Sunday, October 07, 2007

life as contemplated over breakfast on a sunny day...

sometimes it makes much more sense to simply let things work themselves out for us. sometimes pushing and prodding stuff to make it happen does not lead to solutions...
the veritable sage once said, "Problems are either unsolvable or they have a solution. if they have a solution then there is no need to worry about them, and if they don't have a solution then there is no sense in worrying about them."
...life will deal with things in its own Karmic mannerisms. so be good and hope that life returns the favors with a bit of interest.

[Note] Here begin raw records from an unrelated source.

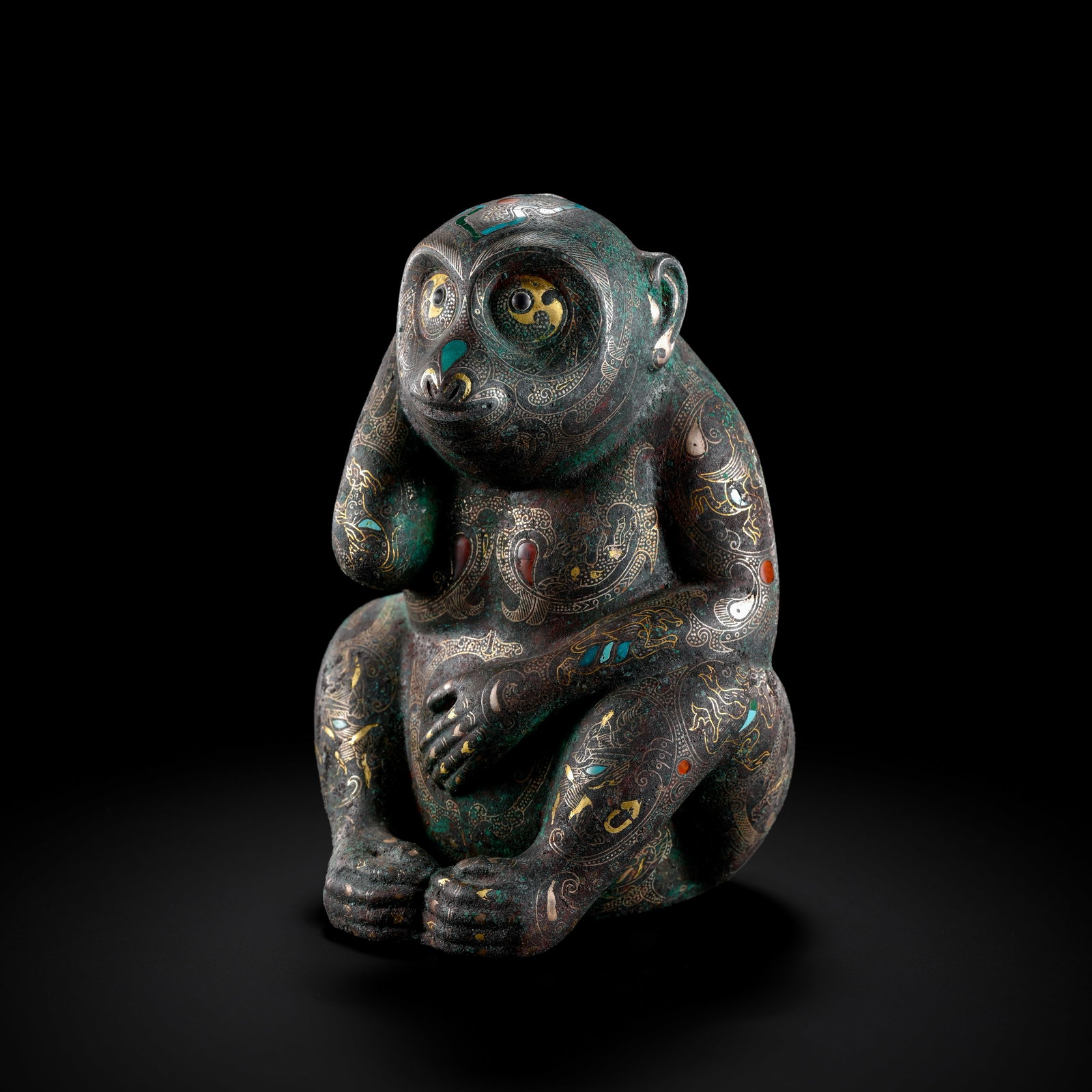 Pre-Ming Dynasty Gold and Silver Inlaid Gem-Set Seated Monkey: H. 14cm.W.9cm.weight.820grams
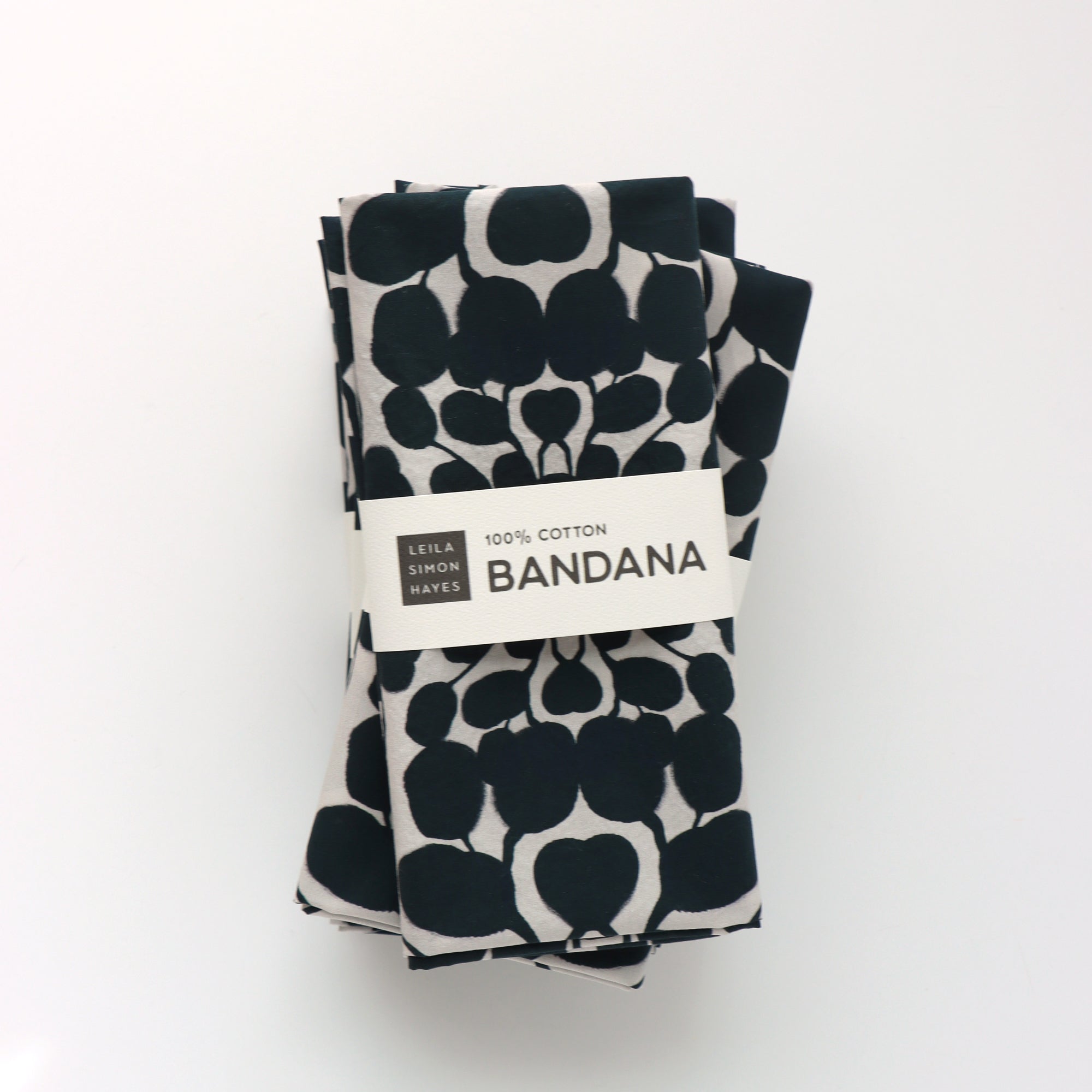 Folded bandana with black floral pattern and visible brand label on a white background. Designed by artist Leila Simon Hayes.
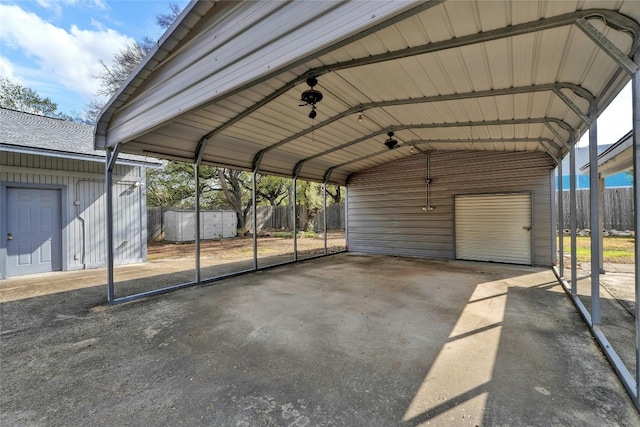 view of parking / parking lot with a carport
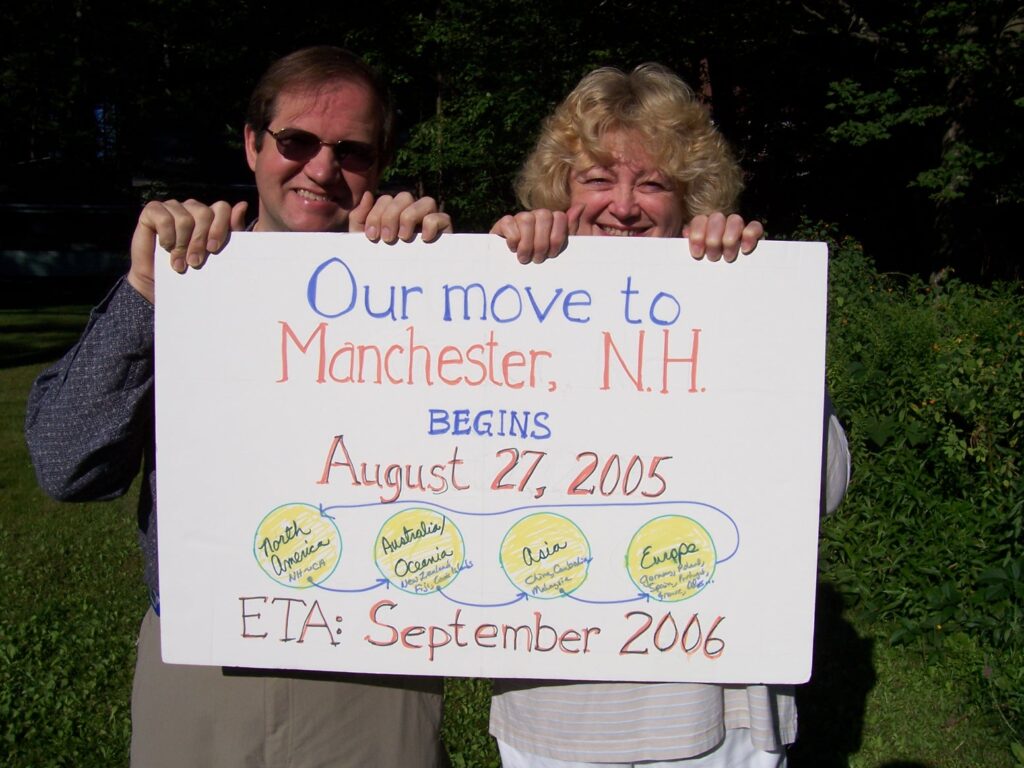 Rob, Marilyn with sign saying we were moving east by traveling westward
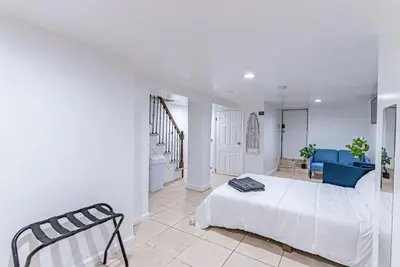 a white bedroom with a bed and a blue couch at Newark NJ Private Suite NYC Path Train in Newark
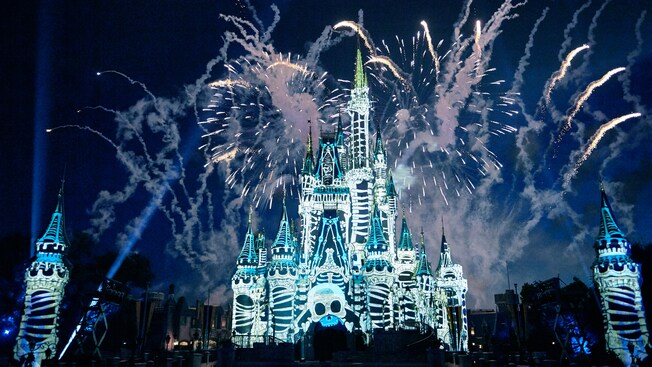 Skeleton bones are projected on Cinderella Castle as fireworks light up the night sky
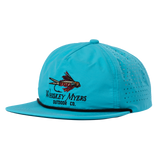 Bright teal baseball cap with a fishing lure logo and ’Whiskey Myers Outdoor Co.’ text.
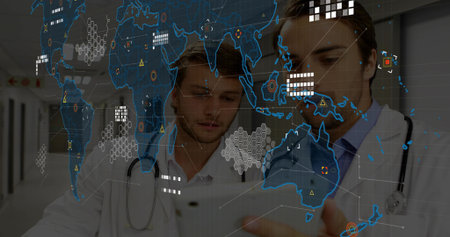 Examining 2 doctors checking tablet in hospital with white lab coats and stethoscopes, digital map. Clinic, collaboration, data, visualization, analytics, corridor, futuristicの写真素材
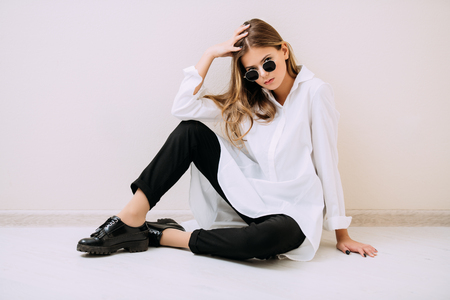 Portrait of a cute girl teenager with sunglasses sitting on the floor in the room. Glasses for a modern young generation. Beauty, fashion.の写真素材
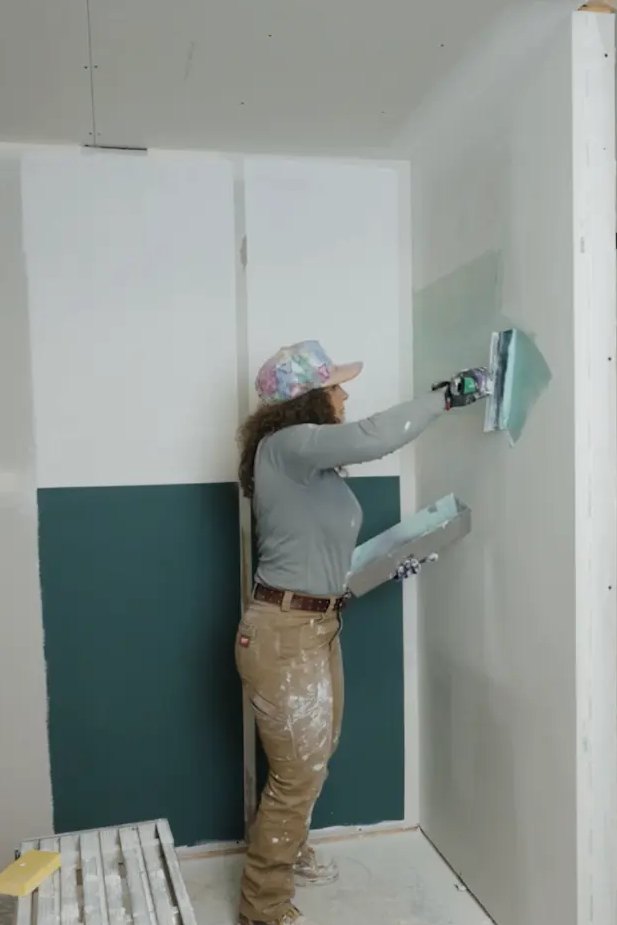 Lydia skimming a wall with a wide knife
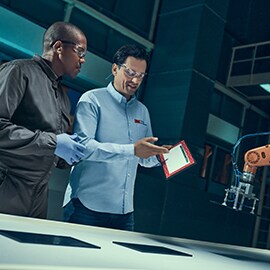 Hai chuyên gia trong nhà máy đang thảo luận về các màn hình thiết bị thông minh được bày trước mặt họ.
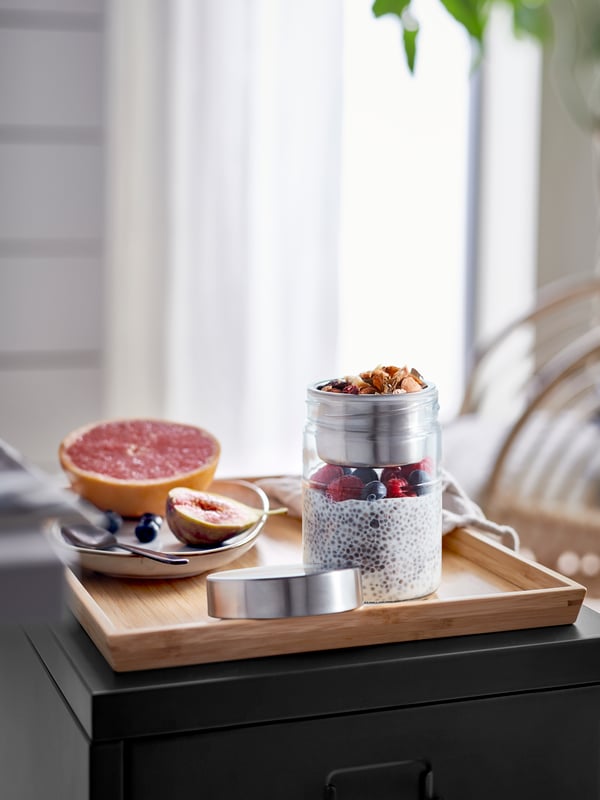 A DAGKLAR jar in clear glass with chia pudding and berries and a steel insert with nuts, beside a plate of fruit on a tray.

am in Bombay today. wasn't planning to, but then here i am. all it took was a call from mom asking me to accompany her and a six hour train ride (mostly spent sleeping) and here i am. traveling seems to have taken up a significant majority of my time of late. ever since i decided last summer that i needed to get out of Baroda and the horrendous brain-rot that i had gotten myself into, and decided that the best way to do so was to travel and keep my mind occupied, i haven't looked back. hidden amongst the immense landscape of India, the cities of Kolkata, Cuttack, Bhubaneshwar, Warangal, Bombay, Surat, et all have seen me stop by in my endless pursuit over the months. i have managed to regain some of my rationality and have also been able to give my creative side a greater leash to explode into my writings and workings...
but now it seems as if i just can't stop. i have always had a life that has taken me places. wonderful experiences all of them. but then, somewhere along the path it seems that i have managed to entwine myself so tightly in my traveling-seat that now even if i want to hop off and stay put, i cannot. i can only take things one day at a time, not knowing where i shall be tomorrow. i have a firm picture of what i want to be and where i am going in life in general. just that i seem to have lost myself in a strictly geographical context. yesterday i was in Baroda, today i am in Bombay, tomorrow i shall be in (?).

...people ask me where i am from? "from here and there" is what i reply... आजकों हम यंहा है, कल का कीसे है पता ...life is fun when its uncertain. but only in the short run! in the long run stability is what counts...that's the lesson of the day in Basic Economics for you students. now run along. class dismissed!

ps: currently reading 'By the River Peidra i sat down and wept' ~ Paulo Coelho।

1 comment:

gP said...

welcome ye ol 21st century nomad...doesnt traveling make you feel young bro.